Bottenwil

Die Paralympics sind sein Ziel

Roger Bolliger in der Bahn.

Roger Bolliger in der Bahn.

Roger Bolliger aus Bottenwil ist Para-Radrennfahrer. In letzten Jahr brach er den Schweizer Rekord im Zeitfahren. Doch die vergangenen Weltmeisterschaften in Holland verliefen für Roger Bolliger nicht wie gewünscht.

In den vergangenen Tagen kämpfte Roger Bolliger aus Bottenwil um drei Weltmeistertitel im Para-Cycling auf der Bahn. In Holland war er, genauer in Apeldoorn. Roger Bolliger ist Para-Radrennfahrer. Vor 13 Jahren verlor er durch einen Arbeitsunfall in einer Käserei seinen rechten Oberschenkel. Die Liebe zum Sport und zur Bewegung brachten ihn zum Radrennfahren. Die Leidenschaft dafür packte ihn so sehr, dass er es bis in die Nationalmannschaft schaffte. Vor einem Jahr verbesserte er an den Weltmeisterschaften in Mexiko seinen persönlichen Rekord im Zeitfahren um 20 Sekunden und schaffte damit einen neuen Schweizer Rekord. Er kehrte mit Topresultaten nach Hause zurück. An den diesjährigen Weltmeisterschaften ging der 40-Jährige deshalb mit grossen Hoffnungen an den Start.

Roger Bolliger, wie ist es Ihnen an den Weltmeisterschaften ergangen?

Roger Bolliger: Die WM lief für mich nicht wie gewünscht. Ich war wegen einer Erkältung gesundheitlich etwas angeschlagen und konnte so mein Potenzial nicht zu 100 Prozent abrufen.

Sie sind enttäuscht.

Es ist frustrierend, wenn man weiss, wie man sonst zwäg ist. Ich wusste, welche Zeiten ich im Training herausgefahren hatte. Bei der Disziplin 1000 Meter Einzelverfolgung bin ich zudem technisch nicht ganz sauber gefahren.
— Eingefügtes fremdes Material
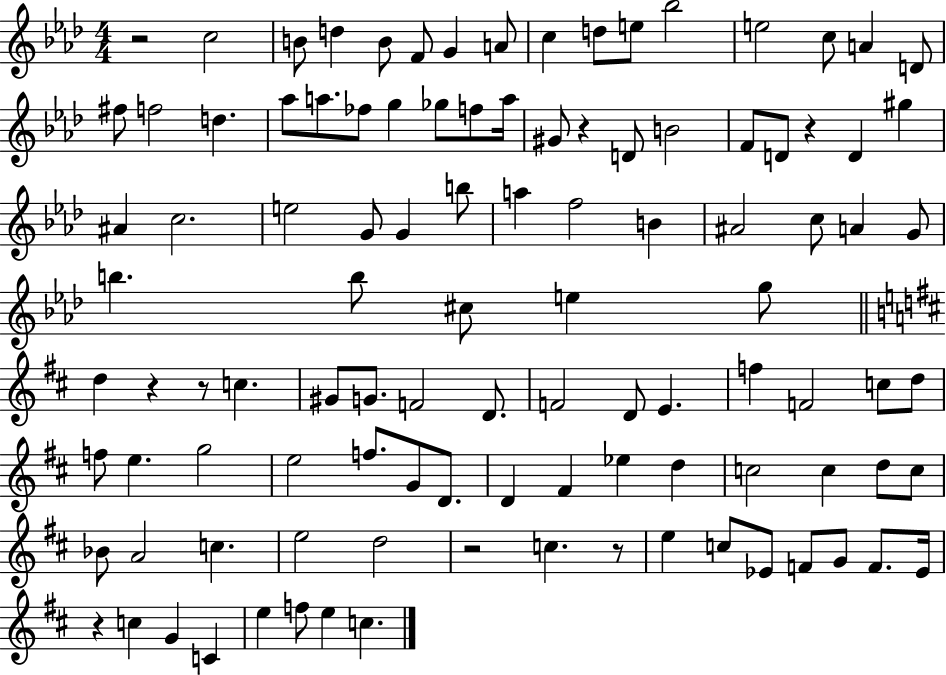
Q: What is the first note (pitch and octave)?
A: C5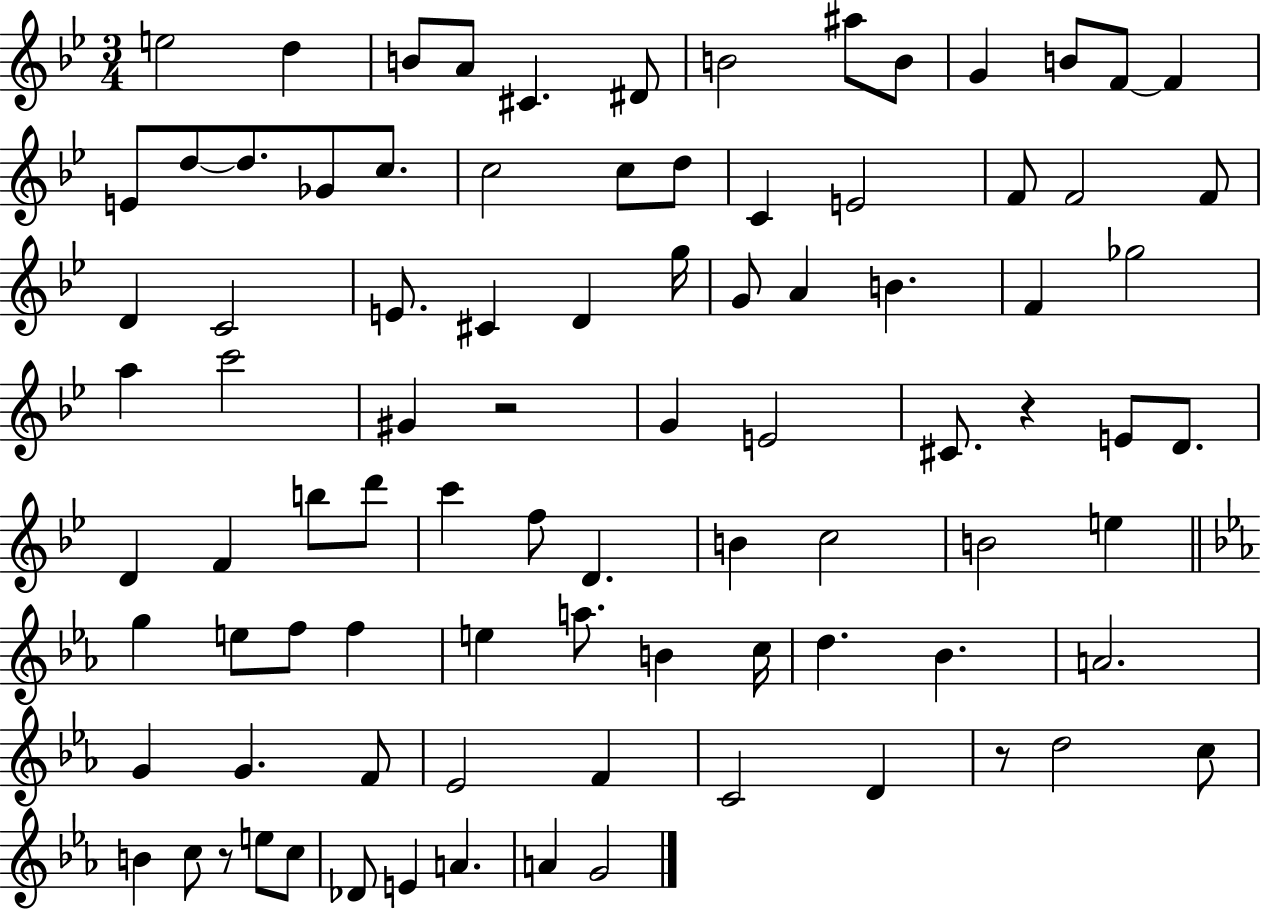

Im 3 Kilometer Verfolgungsrennen fuhr ich technisch zwar gut, aber die Zeit reichte nur zu Rang 11 von 19 Fahrern. Im letzten Rennen belegte ich den 6. Rang, was für mich ein versöhnliches Resultat war.

Die Paralympischen Spiele in Rio de Janeiro 2016 sind das Ziel. Brechen Sie bis dahin noch mehr Rekorde?

Nein, grundsätzlich bin ich nicht auf Rekorde aus. Für mich ist es sehr wichtig, dass ich in den Rennen viele Quotenpunkte sammeln kann, mit denen ich mich für die Paralympischen Spiele qualifizieren kann.

Wie geht Ihre Saison jetzt weiter?

Die WM war der Abschluss der Rad-Saison auf der Bahn. Jetzt beginnt die Saison auf der Strasse, verschiedene Weltcuprennen stehen an. Im August kommt es dann zur Weltmeisterschaft auf der Strasse in Nottwil.

Sie wohnen in Bottenwil und trainieren im Velodrome Suisse in Grenchen. Das ist ein enormer Zeitaufwand.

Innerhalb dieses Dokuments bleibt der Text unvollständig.